🤖 AI Summary
This work addresses the challenges of generating long-sequence human animations, where maintaining temporal coherence and visual consistency is difficult, often leading to identity drift and inadequate modeling of long-range dependencies. To this end, the authors propose FrameCache, a novel framework that introduces, for the first time, a training-free causally consistent reference mechanism. FrameCache employs a Screen-Cache-Match (SCM) strategy to construct a dynamic, high-quality reference memory that mitigates identity drift, and incorporates a Trajectory-Aware Autoregressive Generation (TAAG) mechanism to align denoising trajectories across adjacent segments, effectively integrating structural layout with textural details. Combined with overlap-aware latent propagation and a dual-domain fusion strategy, FrameCache seamlessly integrates into various diffusion models and achieves significant improvements in temporal consistency and visual stability on standard benchmarks.
📝 Abstract
Human animation aims to generate temporally coherent and visually consistent videos over long sequences, yet modeling long-range dependencies while preserving frame quality remains challenging. Inspired by the human ability to leverage past observations for interpreting ongoing actions, we propose FrameCache, a training-free, causality-consistent reference frame framework.
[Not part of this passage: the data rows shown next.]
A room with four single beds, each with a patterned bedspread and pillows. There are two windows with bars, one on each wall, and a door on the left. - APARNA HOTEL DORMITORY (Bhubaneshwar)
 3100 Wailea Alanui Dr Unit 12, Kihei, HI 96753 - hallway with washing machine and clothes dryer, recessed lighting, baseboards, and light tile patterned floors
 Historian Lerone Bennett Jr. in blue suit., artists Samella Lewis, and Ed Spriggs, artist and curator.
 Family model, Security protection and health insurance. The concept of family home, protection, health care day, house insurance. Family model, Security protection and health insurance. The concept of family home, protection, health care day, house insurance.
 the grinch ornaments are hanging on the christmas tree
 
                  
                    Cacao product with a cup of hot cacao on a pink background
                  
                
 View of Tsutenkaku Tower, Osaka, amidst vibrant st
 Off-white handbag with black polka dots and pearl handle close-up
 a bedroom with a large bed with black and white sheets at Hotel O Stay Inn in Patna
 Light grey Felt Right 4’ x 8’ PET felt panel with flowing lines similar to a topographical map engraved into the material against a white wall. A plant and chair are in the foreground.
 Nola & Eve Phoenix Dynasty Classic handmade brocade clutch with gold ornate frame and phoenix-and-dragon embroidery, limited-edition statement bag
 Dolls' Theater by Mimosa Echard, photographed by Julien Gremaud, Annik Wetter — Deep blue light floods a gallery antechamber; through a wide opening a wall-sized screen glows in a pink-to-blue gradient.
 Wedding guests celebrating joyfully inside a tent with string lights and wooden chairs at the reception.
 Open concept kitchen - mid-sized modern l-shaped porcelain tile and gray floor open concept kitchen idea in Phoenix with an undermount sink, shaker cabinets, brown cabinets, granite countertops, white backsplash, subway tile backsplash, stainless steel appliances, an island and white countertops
FrameCache explicitly converts historical generation results into causal guidance through two complementary mechanisms. First, at the reference level, a novel Screen-Cache-Match (SCM) strategy constructs a dynamic, high-quality reference memory, ensuring motion-consistent appearance guidance to reduce identity drift. Second, at the generative level, a Trajectory-Aware Autoregressive Generation (TAAG) mechanism aligns denoising trajectories across adjacent video chunks. This is achieved through an overlap-aware latent propagation and a dual-domain fusion strategy that seamlessly blends low-frequency structural layouts with high-frequency textural details. Extensive experiments on standard benchmarks demonstrate that FrameCache consistently improves temporal coherence and visual stability while integrating seamlessly with diverse diffusion baselines. Code will be made publicly available.